An Olive-sided Flycatcher was a little more cooperative.
As was this Northern Waterthrush. It sure looks all fattened up for the winter.
Still very little odonate and butterfly activity. Waiting on rain like I am, I guess. Here's a nice specimen of a Saltbush Sootywing, the first I've seen of that species this year.
I did see a [Rhionaeschna] darner today but it didn't land and I couldn't get focused on it in flight. Probably a Blue-eyed, but could have been an Arroyo or Turquoise-tipped.
Copulating damselflies are easy to zero in on, but when they're as small as these Desert Firetails, I almost never get a sharp photo. Today was no exception.
Kelly Bryan and his group of hummingbird banders managed to band around 200 hummers of 8 species today at his place in the Davis Mountains. They'll be lucky to get four species here tomorrow. And lucky to get 40 hummingbirds total. To be updated with photos tomorrow. Since my help won't be needed, I plan to take pictures. Kind of a vacation within a vacation.

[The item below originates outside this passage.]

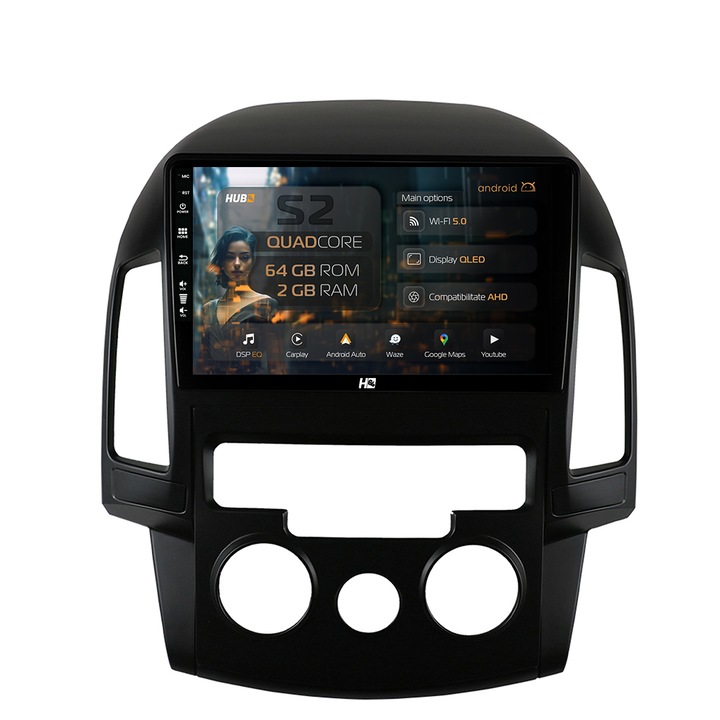 Navigatie HUB64 Hyundai I30 (2007-2012), Clima Manuala, 2GB RAM, 32GB ROM, Android, GPS, Wi-FI, Carplay, Android Auto, USB, Bluetooth, Radio, Waze, Touchscreen, 9 inch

HOLD THE PRESSES! After blogging, around 8 PM, I went out to check things and fill a few hummingbird feeders, getting ready for tomorrow, when I saw a dragonfly going to roost low in a tree. I hurried to the pickup for my cameras. I do not do good photography in near darkness. So with each camera (Canon & Lumix) I tried all the settings, flash, monopod, etc I could think of. My hunch was correct, it was a Spot-winged Glider. Not a new oasis species but one I don't see very often. Pleasant surprise. Can't wait to see what tomorrow brings.